**WHAT THE TASK ASKS:**
Repeat word for word the opening stretch of the entries, from the first line through the line containing "Black Clover Chapter 244 Image 13".

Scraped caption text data
=== Section Start ===

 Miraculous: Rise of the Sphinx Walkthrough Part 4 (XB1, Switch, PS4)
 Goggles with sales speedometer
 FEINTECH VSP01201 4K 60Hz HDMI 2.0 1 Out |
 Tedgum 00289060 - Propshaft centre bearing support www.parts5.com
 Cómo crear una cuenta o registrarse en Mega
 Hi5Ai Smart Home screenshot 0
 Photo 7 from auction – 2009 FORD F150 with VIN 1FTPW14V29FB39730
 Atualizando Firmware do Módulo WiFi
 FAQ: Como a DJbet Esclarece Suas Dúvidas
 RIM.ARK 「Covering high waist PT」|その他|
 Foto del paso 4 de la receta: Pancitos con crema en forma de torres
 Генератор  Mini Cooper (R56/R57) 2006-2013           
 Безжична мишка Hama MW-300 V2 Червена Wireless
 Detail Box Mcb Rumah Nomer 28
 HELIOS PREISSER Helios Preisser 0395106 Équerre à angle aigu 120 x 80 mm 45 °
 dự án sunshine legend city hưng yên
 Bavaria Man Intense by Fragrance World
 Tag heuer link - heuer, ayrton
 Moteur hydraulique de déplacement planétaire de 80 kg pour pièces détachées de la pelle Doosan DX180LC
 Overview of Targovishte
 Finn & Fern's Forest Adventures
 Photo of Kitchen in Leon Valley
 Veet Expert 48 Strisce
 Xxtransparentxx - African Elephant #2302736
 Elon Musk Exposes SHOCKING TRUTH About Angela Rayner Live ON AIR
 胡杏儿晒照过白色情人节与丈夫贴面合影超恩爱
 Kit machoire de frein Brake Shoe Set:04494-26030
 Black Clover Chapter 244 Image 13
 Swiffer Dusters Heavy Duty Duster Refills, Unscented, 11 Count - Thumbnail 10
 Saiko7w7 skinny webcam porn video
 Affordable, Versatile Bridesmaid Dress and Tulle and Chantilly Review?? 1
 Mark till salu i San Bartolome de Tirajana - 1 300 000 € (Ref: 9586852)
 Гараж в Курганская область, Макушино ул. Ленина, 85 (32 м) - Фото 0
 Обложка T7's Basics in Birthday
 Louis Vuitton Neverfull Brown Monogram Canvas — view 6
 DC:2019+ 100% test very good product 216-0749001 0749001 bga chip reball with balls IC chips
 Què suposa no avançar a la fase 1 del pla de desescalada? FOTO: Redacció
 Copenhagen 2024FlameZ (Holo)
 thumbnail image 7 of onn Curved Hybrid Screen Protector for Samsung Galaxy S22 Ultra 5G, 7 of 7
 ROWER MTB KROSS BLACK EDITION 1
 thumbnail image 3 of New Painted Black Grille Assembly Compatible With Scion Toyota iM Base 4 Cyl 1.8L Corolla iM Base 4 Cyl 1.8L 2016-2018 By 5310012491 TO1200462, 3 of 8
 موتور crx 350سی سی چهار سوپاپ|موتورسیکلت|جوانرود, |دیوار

=== Section End ===

**REPLY TO THE EXERCISE:**
 Miraculous: Rise of the Sphinx Walkthrough Part 4 (XB1, Switch, PS4)
 Goggles with sales speedometer
 FEINTECH VSP01201 4K 60Hz HDMI 2.0 1 Out |
 Tedgum 00289060 - Propshaft centre bearing support www.parts5.com
 Cómo crear una cuenta o registrarse en Mega
 Hi5Ai Smart Home screenshot 0
 Photo 7 from auction – 2009 FORD F150 with VIN 1FTPW14V29FB39730
 Atualizando Firmware do Módulo WiFi
 FAQ: Como a DJbet Esclarece Suas Dúvidas
 RIM.ARK 「Covering high waist PT」|その他|
 Foto del paso 4 de la receta: Pancitos con crema en forma de torres
 Генератор  Mini Cooper (R56/R57) 2006-2013           
 Безжична мишка Hama MW-300 V2 Червена Wireless
 Detail Box Mcb Rumah Nomer 28
 HELIOS PREISSER Helios Preisser 0395106 Équerre à angle aigu 120 x 80 mm 45 °
 dự án sunshine legend city hưng yên
 Bavaria Man Intense by Fragrance World
 Tag heuer link - heuer, ayrton
 Moteur hydraulique de déplacement planétaire de 80 kg pour pièces détachées de la pelle Doosan DX180LC
 Overview of Targovishte
 Finn & Fern's Forest Adventures
 Photo of Kitchen in Leon Valley
 Veet Expert 48 Strisce
 Xxtransparentxx - African Elephant #2302736
 Elon Musk Exposes SHOCKING TRUTH About Angela Rayner Live ON AIR
 胡杏儿晒照过白色情人节与丈夫贴面合影超恩爱
 Kit machoire de frein Brake Shoe Set:04494-26030
 Black Clover Chapter 244 Image 13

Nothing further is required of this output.